Kitabı okumak isteyenlere kitabı beğenmelerinin yolunu açacağına inandığım söylemek istediğim birkaç konu var. İlk olarak, elinizdeki alışık olduğumuz türden bir polisiye değil. Aksiyonu olan bir hikaye değil en başta; hızla gelişen olaylar, koşuşturmalar, bulmacalar falanlar filanlar yok elimizde. Fazlasıyla sakin, fazlasıyla dingin bir kitap; olanlara bir anlam vermeye çalışan eski istihbaratçının günlük yaşantısına konuk oluyoruz. Zaten sürekli tekrarladığım üzere ana karakterin öleceğini, daha ilk sayfaya başlamadan bildiğimizden dolayı yazarın amacının sürükleyici, merak uyandıran, heyecanlandıran bir kurgu olmadığı aşikar. Hal böyle olunca kitap, ilham gelerek yazılmış bir hikayeden çok kurgulanmış, üzerinde çalışılmış bir proje gibi duruyor. Bir söyleşisinde yazar da bu görüşü desteklemiş:
"...
Roman klasik bir
açılışla başlayıp, “şah-mat”la sonuçlanıyor. Bol bol gönderme var;
gazeteci arkadaşım İbrahim Koçyiğit, kitaptaki yirminin üstünde
göndermeyi buldu. Romanda tam 41 sanatçıya gönderme var diyerek oyunu
daha da zorlaştırayım..." Açıkçası bu göndermeler konusunda ben çok da uyanık davranamadım; olaya hiç bu açıdan yaklaşmadığım için kitabı okurken bu noktaya çok fazla dikkat etmemiştim. Fakat çok bariz olan şu göndermeyi okumak benim çok hoşuma gitmişti:
"...'Onun için en rahatı cinayetçilerle takılmak; onlara yardım ediyorum.' 'Nevzat başkomisere mi takılıyorsun?' dedim heyecanla. 'Yok, yok. Onlar, neydi o genç çocukla kız, işte onlarla sağlam bir ekip kurdu. Dışarıdan kimseyle çalışmıyorlar pek.' 'Bu aralar Ankara'dan bir cinayetçi çıkmış, kasıp kavuruyormuş ortalığı' dedim Ankaralı başkomiserin adını hatırlamaya çalışarak. 'Hı hı, Behzat başkomiser. Tuttuğunu koparıyormuş adam. Kimsenin gıkı çıkmıyormuş. Tabancası elinde geziyor diyorlar; deli bir adammış.'
Behzat başkomiser sanıyorum hepimizin bildiği üzere Behzat Ç.'ye denk geliyor, Nevzat başkomiser de Ahmet Ümit'in polisiyelerinin çoğunun baş karakteri olan Başkomiser Nevzat (3 tane de çizgiroman hikayesi var kendisinin).
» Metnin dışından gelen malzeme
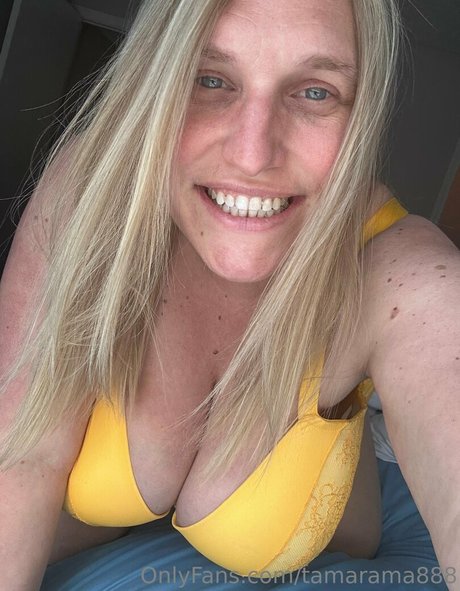 tamarama888 最高のスター 写真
Polisiye bir hikayeye ve ilk bölümün hikayenin en sonunda, en heyecanlı anı ile başlamasına kanıp hareketli ve sürükleyici bir kitap bekleyenleri uyarırım; bu kitap sizi hayal kırıklığına uğratabilir. Fakat bir (hatta arka planda birkaç) karakteri derinlemesine inceleyen, güzel, akıcı bir dili olan, iyi kurgulanmış ve daha gerçekçi bir hikaye okumak istiyorsanız, benim okumaktan büyük zevk aldığım bir kitaptı BPVKÇG (Bunu bir daha yapmayacağım, çok çirkin durdu).
Yazılarınız çok güzel ve yararlı acaba bored to death ile ilgili bir yazıda yazar mısınız?
YanıtlaSilBored to Death'i E.D. yazabilir, zira onun ve benim izlediğim bir dizi.
YanıtlaSilYav, he he, hikayenin devamı, ikinci kitabı geldi. En sevmediğim de şey ölümden dönen karakterler, meğer ölmemişler. Bir insan daha nasıl ölebilir, katil "kafasına sıkmış olmalıydı". Testereyle kafasını mı kopartsın?